Source data
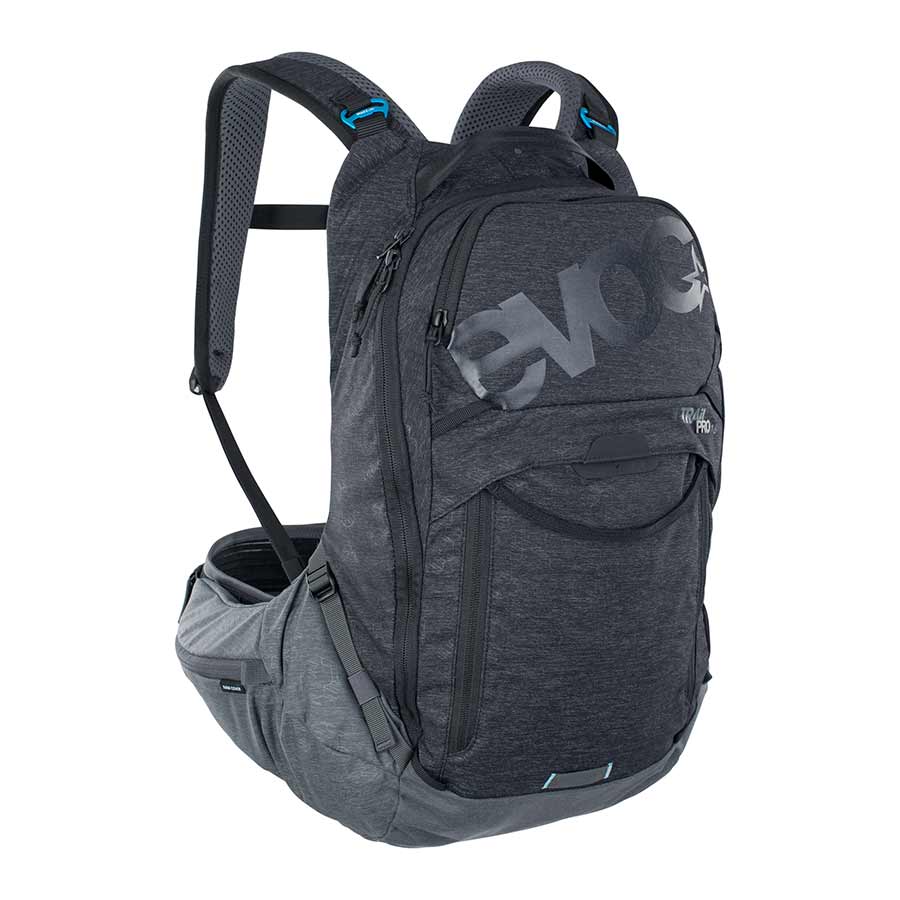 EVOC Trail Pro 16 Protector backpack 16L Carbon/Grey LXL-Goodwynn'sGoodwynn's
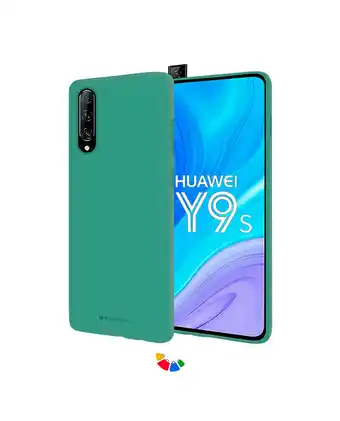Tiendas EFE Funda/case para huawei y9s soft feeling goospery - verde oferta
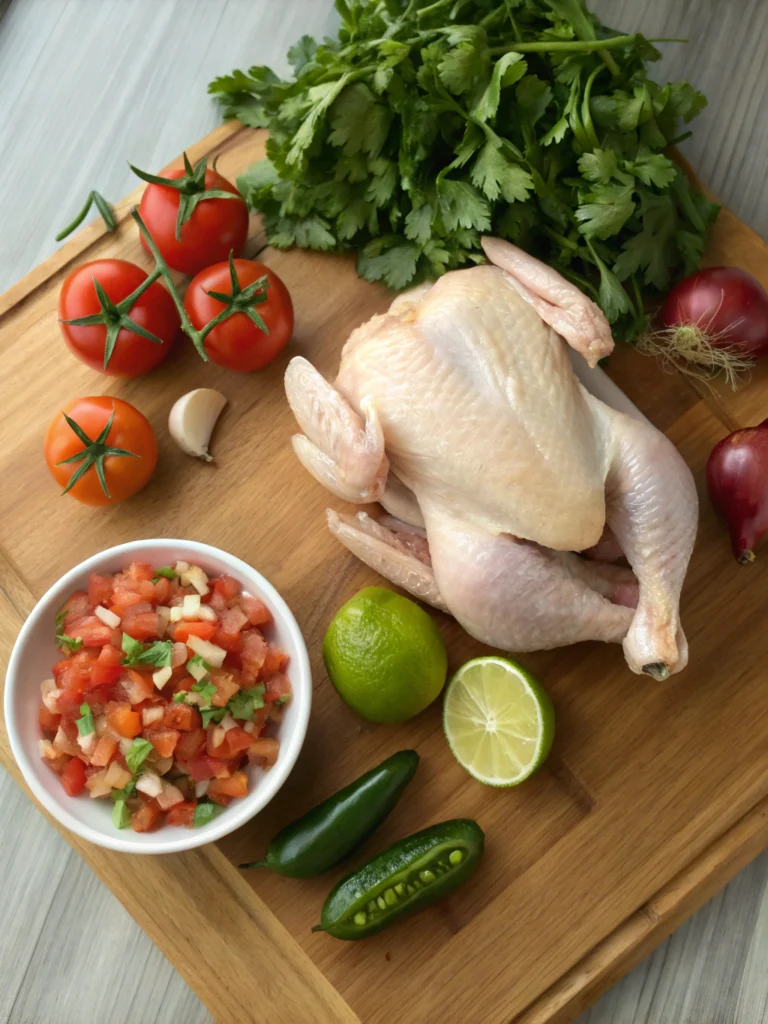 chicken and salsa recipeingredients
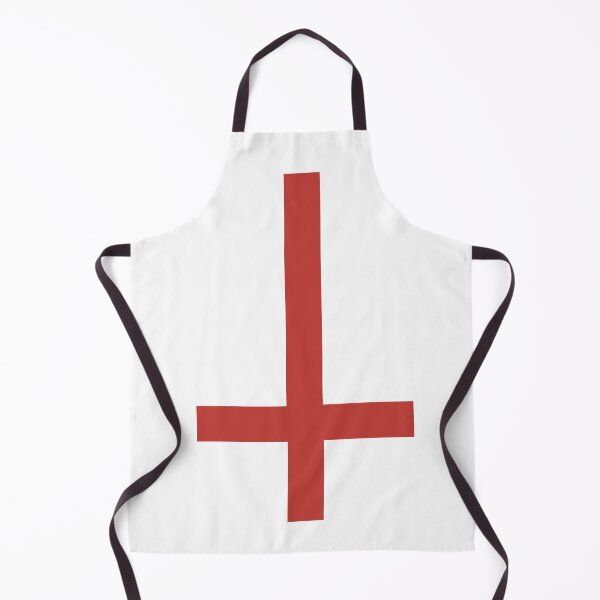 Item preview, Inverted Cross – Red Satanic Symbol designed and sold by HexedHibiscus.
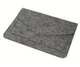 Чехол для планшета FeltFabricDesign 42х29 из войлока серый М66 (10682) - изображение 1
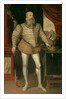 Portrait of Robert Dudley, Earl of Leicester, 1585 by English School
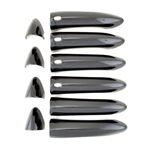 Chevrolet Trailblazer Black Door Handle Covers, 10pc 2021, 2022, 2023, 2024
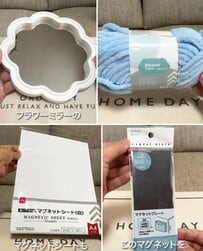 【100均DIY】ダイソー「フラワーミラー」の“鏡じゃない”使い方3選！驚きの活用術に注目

> [What is needed]: Transcribe every line from the one with "Chevrolet Trailblazer Black" to the last line of the records above, exactly, excluding pictures.

> [Solution]:
 Chevrolet Trailblazer Black Door Handle Covers, 10pc 2021, 2022, 2023, 2024
 【100均DIY】ダイソー「フラワーミラー」の“鏡じゃない”使い方3選！驚きの活用術に注目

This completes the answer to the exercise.